Haskell semantics says that `q True` is strict, rather than being equivalent to the non-strict function `const 3`.

### Lazier functional programming

Given that we’re enjoying some of the benefits of a non-strict language and programming paradigm (as described, e.g., in Why Functional Programming Matters), we might enjoy more if we can loosen up some of the strictness of pattern-based definitions.

What might a less-strict interpretation be? Let’s take the definition of `either` above.

I’d require any interpretation to satisfy a two conditions:

• The meaning is consistent with the direct explicit readings of the clauses.
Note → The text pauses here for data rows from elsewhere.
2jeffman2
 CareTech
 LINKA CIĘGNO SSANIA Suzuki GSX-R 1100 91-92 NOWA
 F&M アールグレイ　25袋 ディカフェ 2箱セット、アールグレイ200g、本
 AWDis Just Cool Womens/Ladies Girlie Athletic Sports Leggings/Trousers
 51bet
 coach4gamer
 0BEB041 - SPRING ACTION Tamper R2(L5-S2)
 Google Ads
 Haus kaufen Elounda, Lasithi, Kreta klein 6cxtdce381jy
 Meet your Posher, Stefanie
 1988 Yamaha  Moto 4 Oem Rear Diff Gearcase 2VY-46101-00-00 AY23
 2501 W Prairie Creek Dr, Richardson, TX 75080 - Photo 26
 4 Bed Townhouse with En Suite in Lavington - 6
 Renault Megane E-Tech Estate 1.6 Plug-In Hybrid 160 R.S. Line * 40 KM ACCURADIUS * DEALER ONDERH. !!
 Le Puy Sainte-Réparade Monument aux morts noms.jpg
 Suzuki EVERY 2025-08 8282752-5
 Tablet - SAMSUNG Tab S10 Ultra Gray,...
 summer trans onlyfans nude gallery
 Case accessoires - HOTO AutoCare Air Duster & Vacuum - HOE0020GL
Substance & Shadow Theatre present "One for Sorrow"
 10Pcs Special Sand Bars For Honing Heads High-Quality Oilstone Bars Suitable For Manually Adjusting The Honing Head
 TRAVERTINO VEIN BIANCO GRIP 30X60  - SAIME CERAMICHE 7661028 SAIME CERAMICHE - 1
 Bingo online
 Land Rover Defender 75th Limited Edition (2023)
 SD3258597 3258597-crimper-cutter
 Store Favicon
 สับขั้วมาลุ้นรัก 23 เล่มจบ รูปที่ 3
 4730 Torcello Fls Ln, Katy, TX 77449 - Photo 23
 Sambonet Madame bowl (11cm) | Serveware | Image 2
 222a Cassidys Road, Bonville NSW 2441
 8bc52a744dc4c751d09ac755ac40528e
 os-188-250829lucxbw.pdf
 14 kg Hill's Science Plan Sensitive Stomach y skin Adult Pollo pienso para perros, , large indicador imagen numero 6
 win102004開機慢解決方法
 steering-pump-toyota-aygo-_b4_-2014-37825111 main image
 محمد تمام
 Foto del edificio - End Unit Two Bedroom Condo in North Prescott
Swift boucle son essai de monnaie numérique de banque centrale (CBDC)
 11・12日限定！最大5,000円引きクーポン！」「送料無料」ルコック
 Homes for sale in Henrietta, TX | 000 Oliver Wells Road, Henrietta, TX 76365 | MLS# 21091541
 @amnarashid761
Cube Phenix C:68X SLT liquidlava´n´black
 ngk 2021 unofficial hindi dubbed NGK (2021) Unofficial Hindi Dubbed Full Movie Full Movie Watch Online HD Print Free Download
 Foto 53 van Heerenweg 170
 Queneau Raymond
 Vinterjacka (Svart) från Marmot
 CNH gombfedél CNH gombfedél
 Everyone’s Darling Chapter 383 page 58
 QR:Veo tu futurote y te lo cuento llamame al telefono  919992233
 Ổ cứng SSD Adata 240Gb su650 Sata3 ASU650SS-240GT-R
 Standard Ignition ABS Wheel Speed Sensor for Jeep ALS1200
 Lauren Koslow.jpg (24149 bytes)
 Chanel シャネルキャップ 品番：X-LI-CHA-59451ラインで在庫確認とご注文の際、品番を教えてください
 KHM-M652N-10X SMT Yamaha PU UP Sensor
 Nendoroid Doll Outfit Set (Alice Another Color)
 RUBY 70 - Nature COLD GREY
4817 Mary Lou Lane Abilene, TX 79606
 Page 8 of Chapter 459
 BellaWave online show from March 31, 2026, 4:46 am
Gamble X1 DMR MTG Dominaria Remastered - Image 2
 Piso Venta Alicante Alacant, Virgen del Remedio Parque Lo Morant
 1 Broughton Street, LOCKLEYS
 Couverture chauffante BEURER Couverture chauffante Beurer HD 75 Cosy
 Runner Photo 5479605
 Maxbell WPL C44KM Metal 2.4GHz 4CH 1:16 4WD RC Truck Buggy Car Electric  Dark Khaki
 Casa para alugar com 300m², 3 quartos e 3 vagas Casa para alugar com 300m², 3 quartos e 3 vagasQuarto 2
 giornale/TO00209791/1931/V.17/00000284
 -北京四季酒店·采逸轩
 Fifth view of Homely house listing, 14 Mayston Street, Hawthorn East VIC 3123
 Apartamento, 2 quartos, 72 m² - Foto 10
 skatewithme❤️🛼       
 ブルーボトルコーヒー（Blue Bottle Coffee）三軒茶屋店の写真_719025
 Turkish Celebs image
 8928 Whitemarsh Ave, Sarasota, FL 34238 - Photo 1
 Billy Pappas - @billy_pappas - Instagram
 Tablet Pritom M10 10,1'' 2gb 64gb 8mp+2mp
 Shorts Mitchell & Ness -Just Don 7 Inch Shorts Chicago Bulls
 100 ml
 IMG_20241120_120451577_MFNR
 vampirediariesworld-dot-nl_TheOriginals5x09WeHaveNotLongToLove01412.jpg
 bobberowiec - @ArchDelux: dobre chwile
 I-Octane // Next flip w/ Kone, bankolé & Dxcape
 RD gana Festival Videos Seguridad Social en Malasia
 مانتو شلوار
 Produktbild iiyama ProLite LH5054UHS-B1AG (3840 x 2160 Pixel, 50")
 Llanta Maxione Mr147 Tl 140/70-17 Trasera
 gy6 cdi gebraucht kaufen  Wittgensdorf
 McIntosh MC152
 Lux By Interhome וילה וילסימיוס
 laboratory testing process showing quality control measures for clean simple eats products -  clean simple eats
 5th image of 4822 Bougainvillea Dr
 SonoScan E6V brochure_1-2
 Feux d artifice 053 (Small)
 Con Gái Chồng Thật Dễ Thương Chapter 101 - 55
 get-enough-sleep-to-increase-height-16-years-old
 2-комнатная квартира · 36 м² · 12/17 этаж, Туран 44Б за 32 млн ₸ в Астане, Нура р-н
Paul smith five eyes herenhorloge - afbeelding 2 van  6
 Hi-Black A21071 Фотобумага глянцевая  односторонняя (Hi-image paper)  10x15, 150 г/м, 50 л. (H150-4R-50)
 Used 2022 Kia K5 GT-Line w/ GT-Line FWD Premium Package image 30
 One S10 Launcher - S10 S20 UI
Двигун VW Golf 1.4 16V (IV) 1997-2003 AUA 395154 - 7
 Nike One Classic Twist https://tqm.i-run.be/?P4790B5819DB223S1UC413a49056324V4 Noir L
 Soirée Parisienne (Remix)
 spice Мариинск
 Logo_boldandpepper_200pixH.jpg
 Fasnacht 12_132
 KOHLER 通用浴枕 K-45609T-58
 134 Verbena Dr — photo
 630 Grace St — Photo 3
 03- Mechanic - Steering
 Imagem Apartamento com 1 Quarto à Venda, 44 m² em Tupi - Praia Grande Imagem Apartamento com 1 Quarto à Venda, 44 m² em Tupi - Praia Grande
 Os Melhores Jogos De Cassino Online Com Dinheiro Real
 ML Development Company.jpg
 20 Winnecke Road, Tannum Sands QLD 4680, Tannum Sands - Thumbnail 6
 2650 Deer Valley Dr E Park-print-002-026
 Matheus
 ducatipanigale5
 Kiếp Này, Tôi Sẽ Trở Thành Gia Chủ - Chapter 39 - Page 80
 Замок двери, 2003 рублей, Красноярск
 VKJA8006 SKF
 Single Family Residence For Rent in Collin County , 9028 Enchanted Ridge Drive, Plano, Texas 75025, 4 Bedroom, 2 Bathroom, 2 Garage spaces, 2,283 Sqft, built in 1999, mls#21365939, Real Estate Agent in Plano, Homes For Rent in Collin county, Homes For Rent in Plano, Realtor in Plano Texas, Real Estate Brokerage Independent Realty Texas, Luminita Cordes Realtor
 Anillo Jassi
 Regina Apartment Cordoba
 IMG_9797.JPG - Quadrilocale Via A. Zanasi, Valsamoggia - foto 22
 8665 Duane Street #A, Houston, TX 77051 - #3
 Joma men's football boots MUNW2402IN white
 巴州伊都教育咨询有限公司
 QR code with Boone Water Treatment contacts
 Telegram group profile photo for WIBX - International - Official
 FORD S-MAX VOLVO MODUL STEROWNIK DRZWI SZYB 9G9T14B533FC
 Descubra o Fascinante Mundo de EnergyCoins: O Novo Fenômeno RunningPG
When read as equations, those clauses are true of the meaning of `either`.
• The meaning of `either f g` must be information-monotonic, i.e., more information in leads to more (and consistent) information out.

For an interpretation that is ideal for non-strict programming, I’ll add a third condition:

• Information-wise, the interpretation is maximal among all meanings that satisfy the first two conditions, i.e., it’s minimally strict.

### A puzzle

I’ll end this post with a puzzle: what is a minimally strict interpretation of the definition of `either` above? Backing up,

• Is there a meaning for `either` that satisfies these three conditions?
• If so, is there exactly one such meaning?
• If so, what is that meaning, and how can it be obtained and implemented systematically?

1. #### augustss:

You don’t say what we have at our disposal to solve the puzzle. If we are restricted to lambda definable functions there isn’t much to do. If we have something like por it’s a different matter.

2. #### Greg:

After reading “The Implementation of Functional Programming Languages” I had assumed that Haskell (specifically GHC) would use lazy product-matching semantics, as described here:

http://research.microsoft.com/en-us/um/people/simonpj/papers/slpj-book-1987/PAGES/072.HTM

Testing with ghci quickly shows that this is not the case, as you’ve said. How disappointing.

3. #### Janis Voigtländer:

Possibly related and of interest: http://korsika.informatik.uni-kiel.de/~jac/wordpress/projects/sloth/

4. #### Albert Lai:

Although some CPOs do not support 2-argument meet (infimum, greatest lower bound) (there is a 5-point example), it seems CPOs for common data types do: flat CPOs for primitive types, product, sum, function space, probably even recursive data types over those. With meet, we can do minimally strict conditional branching.

(Notation: I use “bool” for “ifThenElse”.) (Notation: “=” means math equal, not program code.)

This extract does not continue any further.